Search the entries below for "Women" and copy each matching line.

**THE INPUT:**
################

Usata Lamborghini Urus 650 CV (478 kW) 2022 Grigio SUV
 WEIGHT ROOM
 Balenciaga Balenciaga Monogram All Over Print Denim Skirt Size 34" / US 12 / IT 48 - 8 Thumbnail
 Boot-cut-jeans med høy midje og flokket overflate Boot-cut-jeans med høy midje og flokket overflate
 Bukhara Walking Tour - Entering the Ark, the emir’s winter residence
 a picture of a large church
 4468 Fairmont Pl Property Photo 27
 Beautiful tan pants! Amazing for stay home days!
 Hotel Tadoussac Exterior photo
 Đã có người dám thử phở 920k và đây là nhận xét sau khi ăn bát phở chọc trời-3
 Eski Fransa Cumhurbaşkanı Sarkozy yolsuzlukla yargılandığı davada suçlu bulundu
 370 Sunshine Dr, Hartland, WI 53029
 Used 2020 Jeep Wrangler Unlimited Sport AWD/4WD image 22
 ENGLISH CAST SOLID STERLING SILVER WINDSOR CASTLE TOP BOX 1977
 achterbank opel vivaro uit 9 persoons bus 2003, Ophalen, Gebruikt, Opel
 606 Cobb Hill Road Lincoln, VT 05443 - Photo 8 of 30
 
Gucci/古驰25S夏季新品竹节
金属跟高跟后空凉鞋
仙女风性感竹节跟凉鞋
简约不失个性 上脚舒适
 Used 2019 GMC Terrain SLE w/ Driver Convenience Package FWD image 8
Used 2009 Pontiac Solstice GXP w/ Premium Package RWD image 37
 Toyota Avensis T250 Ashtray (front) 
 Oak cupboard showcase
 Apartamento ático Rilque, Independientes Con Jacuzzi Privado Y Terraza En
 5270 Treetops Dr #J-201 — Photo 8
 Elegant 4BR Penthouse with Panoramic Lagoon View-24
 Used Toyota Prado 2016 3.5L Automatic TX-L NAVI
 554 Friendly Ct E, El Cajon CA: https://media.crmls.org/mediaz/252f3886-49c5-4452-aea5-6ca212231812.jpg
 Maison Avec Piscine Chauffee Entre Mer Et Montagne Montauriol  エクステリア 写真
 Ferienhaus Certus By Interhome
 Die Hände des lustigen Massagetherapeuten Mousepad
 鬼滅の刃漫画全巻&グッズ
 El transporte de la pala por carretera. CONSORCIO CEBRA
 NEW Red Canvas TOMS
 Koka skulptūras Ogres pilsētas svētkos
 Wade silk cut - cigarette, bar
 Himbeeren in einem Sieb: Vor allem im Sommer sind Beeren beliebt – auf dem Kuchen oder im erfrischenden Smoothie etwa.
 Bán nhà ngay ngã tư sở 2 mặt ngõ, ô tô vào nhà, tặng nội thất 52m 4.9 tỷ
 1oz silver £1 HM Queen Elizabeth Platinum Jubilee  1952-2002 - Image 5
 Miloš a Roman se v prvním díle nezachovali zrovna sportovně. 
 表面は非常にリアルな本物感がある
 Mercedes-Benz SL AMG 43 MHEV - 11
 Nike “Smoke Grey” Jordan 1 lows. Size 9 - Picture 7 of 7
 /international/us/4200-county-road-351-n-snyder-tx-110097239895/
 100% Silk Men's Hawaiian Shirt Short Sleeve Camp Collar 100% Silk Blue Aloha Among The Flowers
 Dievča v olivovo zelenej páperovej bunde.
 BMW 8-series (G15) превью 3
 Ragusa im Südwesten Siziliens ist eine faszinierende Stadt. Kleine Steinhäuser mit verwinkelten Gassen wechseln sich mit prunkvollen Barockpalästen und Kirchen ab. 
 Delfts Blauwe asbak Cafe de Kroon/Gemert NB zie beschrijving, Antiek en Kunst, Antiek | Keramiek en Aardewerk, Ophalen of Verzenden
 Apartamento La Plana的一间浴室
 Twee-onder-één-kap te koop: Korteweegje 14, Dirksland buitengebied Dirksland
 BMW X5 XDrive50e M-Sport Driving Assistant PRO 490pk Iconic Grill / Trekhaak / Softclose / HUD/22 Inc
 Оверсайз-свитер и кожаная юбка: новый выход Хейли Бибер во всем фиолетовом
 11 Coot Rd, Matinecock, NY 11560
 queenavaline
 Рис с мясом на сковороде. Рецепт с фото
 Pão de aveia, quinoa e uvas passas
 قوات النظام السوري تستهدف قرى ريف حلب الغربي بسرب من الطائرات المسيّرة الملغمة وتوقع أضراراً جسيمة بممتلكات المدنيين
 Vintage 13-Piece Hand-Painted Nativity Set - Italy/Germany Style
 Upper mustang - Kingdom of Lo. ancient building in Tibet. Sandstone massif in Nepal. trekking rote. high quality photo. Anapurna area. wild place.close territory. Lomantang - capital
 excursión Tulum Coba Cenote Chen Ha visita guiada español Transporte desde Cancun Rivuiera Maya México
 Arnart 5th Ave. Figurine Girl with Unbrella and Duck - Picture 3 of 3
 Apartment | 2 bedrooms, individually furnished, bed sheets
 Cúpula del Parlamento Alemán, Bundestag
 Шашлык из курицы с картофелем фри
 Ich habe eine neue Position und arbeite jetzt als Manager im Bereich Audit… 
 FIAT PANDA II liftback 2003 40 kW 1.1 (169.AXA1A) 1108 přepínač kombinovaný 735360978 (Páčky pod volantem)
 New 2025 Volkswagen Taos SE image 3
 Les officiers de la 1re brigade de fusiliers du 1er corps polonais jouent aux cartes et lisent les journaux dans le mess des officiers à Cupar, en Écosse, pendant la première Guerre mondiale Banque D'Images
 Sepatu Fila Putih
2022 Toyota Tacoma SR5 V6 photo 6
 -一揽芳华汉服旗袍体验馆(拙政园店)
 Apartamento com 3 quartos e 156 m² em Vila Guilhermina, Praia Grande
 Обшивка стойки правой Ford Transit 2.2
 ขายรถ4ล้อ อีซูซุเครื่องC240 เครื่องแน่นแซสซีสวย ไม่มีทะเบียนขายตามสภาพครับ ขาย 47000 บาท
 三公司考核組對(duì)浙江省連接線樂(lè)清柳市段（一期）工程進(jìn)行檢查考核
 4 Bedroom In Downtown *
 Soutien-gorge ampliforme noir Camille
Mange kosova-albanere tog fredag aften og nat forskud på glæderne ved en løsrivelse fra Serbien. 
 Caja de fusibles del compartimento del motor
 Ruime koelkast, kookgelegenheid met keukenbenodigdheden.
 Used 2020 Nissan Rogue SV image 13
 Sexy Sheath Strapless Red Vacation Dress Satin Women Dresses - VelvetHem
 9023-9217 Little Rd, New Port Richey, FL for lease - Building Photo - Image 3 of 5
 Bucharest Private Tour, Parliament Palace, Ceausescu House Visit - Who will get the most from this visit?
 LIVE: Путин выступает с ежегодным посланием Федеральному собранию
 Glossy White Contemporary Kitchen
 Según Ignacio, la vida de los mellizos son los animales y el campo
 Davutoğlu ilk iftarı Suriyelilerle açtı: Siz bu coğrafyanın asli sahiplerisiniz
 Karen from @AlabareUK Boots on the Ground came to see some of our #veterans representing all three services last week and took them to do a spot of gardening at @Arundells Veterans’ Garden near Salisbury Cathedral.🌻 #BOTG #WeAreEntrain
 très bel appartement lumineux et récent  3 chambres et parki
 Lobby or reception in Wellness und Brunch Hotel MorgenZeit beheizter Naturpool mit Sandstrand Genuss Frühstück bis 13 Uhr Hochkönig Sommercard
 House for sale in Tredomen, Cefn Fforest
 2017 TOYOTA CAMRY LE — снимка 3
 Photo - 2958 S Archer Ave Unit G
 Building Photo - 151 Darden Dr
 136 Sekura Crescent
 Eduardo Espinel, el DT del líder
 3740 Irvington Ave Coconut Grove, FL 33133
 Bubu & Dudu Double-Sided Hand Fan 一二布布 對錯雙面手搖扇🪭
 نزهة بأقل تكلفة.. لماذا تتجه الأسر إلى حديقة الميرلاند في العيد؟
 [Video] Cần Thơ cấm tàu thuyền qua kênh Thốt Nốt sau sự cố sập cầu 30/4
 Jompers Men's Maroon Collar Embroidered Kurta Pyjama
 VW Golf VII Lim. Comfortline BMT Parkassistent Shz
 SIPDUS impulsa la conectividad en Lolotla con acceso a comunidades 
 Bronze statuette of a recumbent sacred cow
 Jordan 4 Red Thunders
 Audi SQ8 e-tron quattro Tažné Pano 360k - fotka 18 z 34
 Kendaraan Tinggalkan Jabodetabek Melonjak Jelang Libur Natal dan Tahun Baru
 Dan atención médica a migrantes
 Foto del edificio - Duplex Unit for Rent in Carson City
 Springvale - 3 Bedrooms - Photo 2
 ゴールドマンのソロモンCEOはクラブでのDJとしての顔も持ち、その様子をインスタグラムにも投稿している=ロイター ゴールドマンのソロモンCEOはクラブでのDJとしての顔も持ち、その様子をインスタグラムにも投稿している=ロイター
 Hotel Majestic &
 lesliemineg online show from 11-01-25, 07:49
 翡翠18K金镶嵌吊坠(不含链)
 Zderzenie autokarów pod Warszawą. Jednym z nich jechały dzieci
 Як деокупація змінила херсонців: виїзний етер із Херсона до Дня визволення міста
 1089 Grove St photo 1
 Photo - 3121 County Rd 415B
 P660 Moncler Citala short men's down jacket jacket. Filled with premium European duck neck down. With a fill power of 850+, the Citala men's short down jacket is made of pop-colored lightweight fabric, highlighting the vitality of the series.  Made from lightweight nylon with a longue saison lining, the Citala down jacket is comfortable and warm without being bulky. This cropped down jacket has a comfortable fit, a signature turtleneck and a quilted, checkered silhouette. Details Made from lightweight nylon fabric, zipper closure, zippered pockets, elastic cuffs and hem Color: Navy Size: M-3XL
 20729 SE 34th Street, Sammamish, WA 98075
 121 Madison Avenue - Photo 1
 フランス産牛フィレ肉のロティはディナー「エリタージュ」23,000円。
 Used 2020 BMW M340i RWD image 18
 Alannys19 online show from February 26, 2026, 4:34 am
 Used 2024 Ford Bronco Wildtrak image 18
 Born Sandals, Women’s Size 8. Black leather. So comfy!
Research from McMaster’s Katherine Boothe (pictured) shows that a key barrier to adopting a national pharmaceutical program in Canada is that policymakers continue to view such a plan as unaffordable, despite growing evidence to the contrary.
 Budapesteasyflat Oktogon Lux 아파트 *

################

**ANSWER SECTION:**
 Sexy Sheath Strapless Red Vacation Dress Satin Women Dresses - VelvetHem
 Born Sandals, Women’s Size 8. Black leather. So comfy!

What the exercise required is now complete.